> _Your instructions_
Leaving the pictures out, print the lines from the first line of the listing through the line containing "Plus-size-modellen drar ut", exactly as they read, and no others.

• • • • •

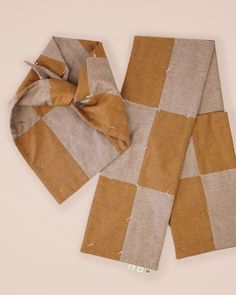 two pieces of cloth are laying next to each other on a white surface with a brown and tan checkered design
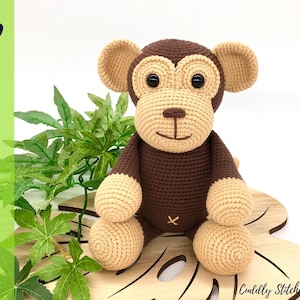 May include: A crocheted monkey toy with brown fur, beige arms and legs, and black eyes. The monkey is sitting on a wooden leaf-shaped base.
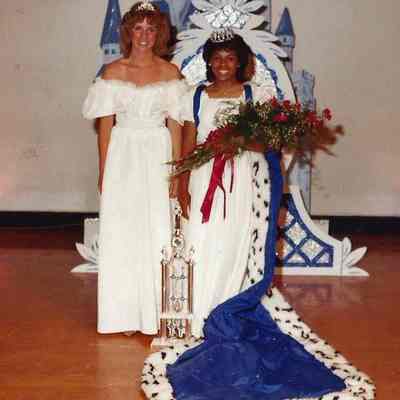 A color photograph of 1982 Brunswick Teen Queen Kathy Walters and the newly elected 1983 Teen Queen Kim Carslick.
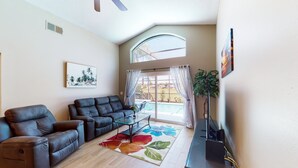 A living room with a sofa, a glass coffee table, a ceiling fan, a large window with curtains, and a view of a pool. - Private Pool Home With Spa, Screened Patio, Central AC, & Washer/dryer (Davenport)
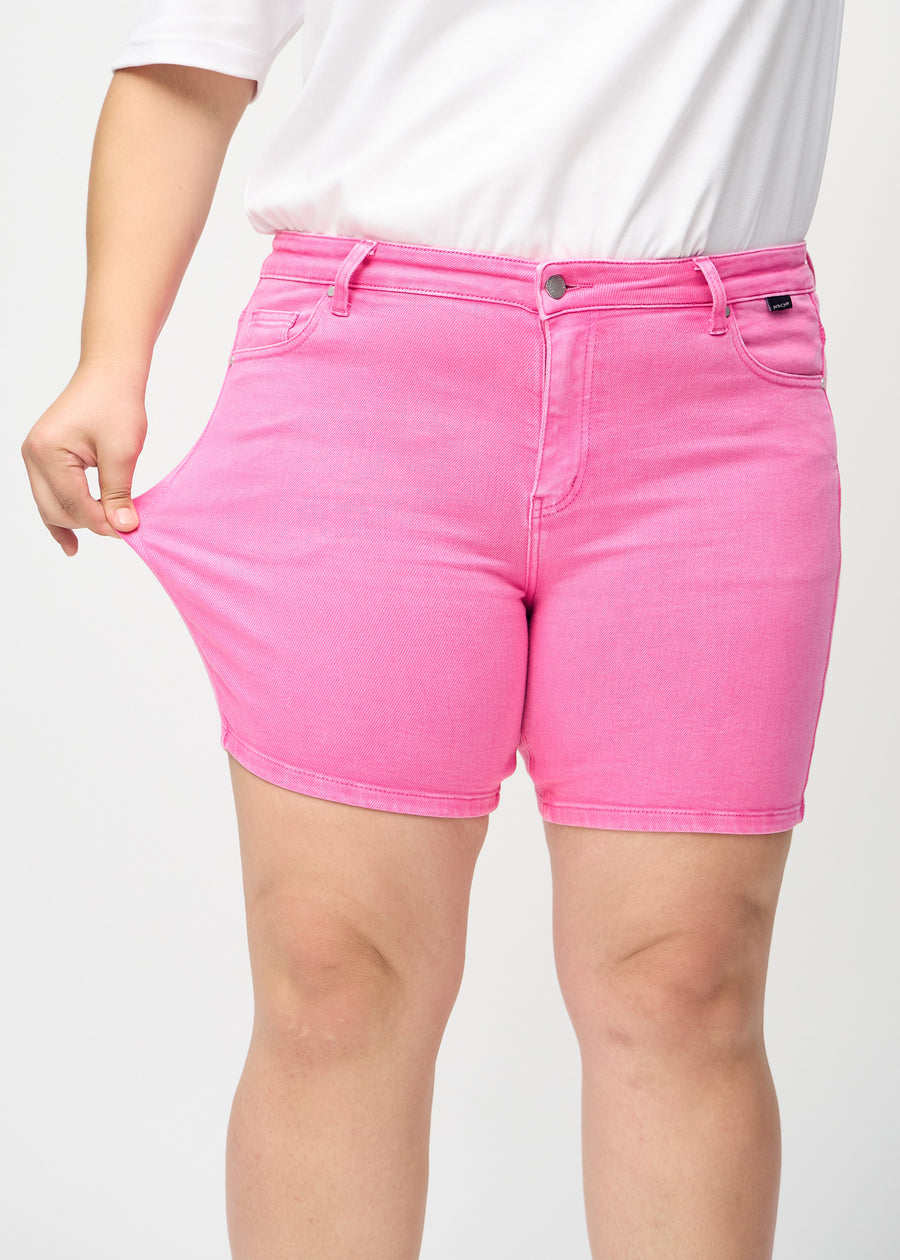 Plus-size-modellen drar ut shortsen vid låret för att visa stretch.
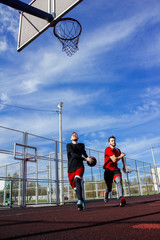 Two young bearded basketball player athletes run along an open sports field to the basketball hoop. Dribbling and attacking the opponent's basketball hoop. Travelling before the jump with a ball.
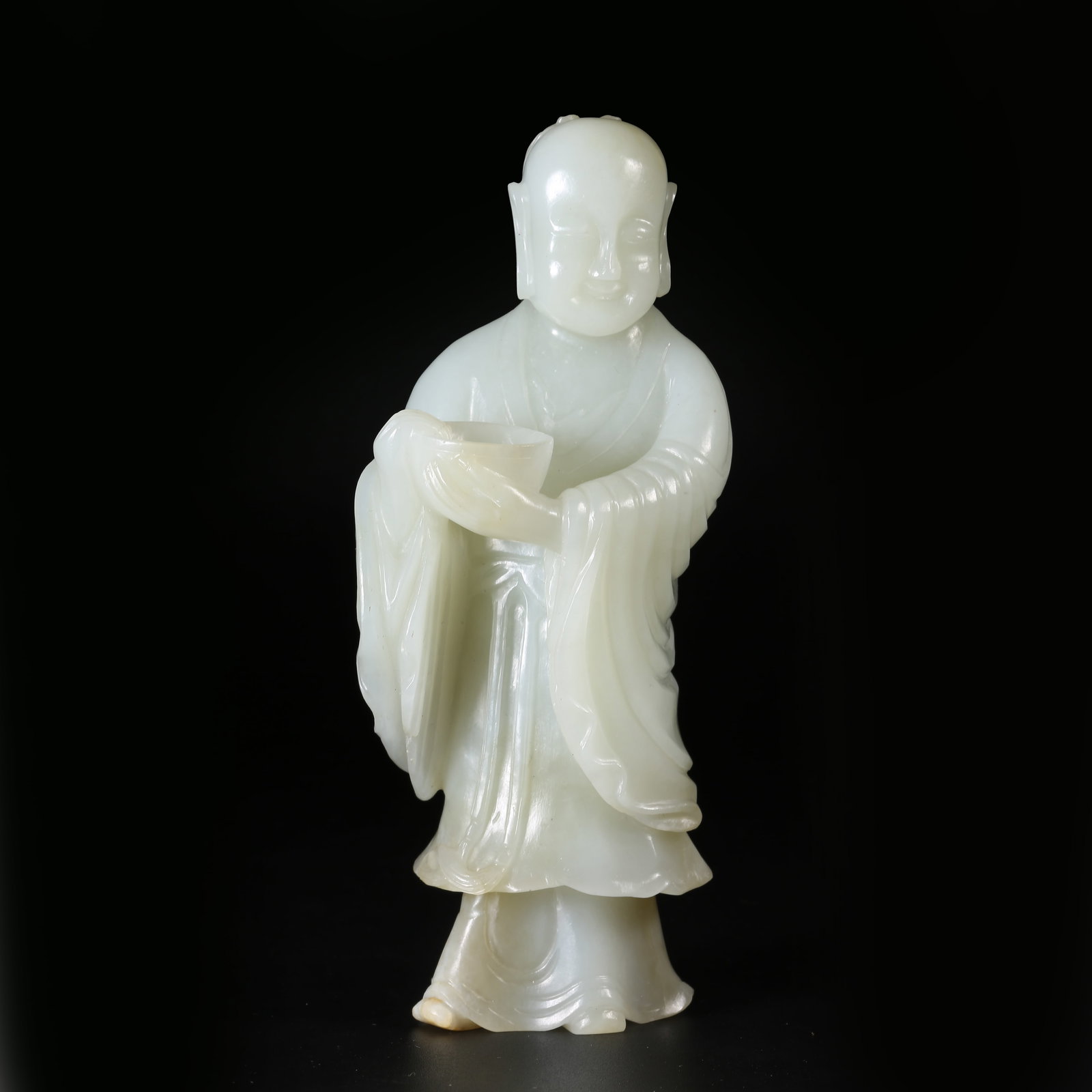 A QING DYNASTY HETIAN WHITE JADE STANDING SCHOLAR STATUE (1 of 9)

• • • • •

> _Result of the exercise_
 two pieces of cloth are laying next to each other on a white surface with a brown and tan checkered design
 May include: A crocheted monkey toy with brown fur, beige arms and legs, and black eyes. The monkey is sitting on a wooden leaf-shaped base.
 A color photograph of 1982 Brunswick Teen Queen Kathy Walters and the newly elected 1983 Teen Queen Kim Carslick.
 A living room with a sofa, a glass coffee table, a ceiling fan, a large window with curtains, and a view of a pool. - Private Pool Home With Spa, Screened Patio, Central AC, & Washer/dryer (Davenport)
 Plus-size-modellen drar ut shortsen vid låret för att visa stretch.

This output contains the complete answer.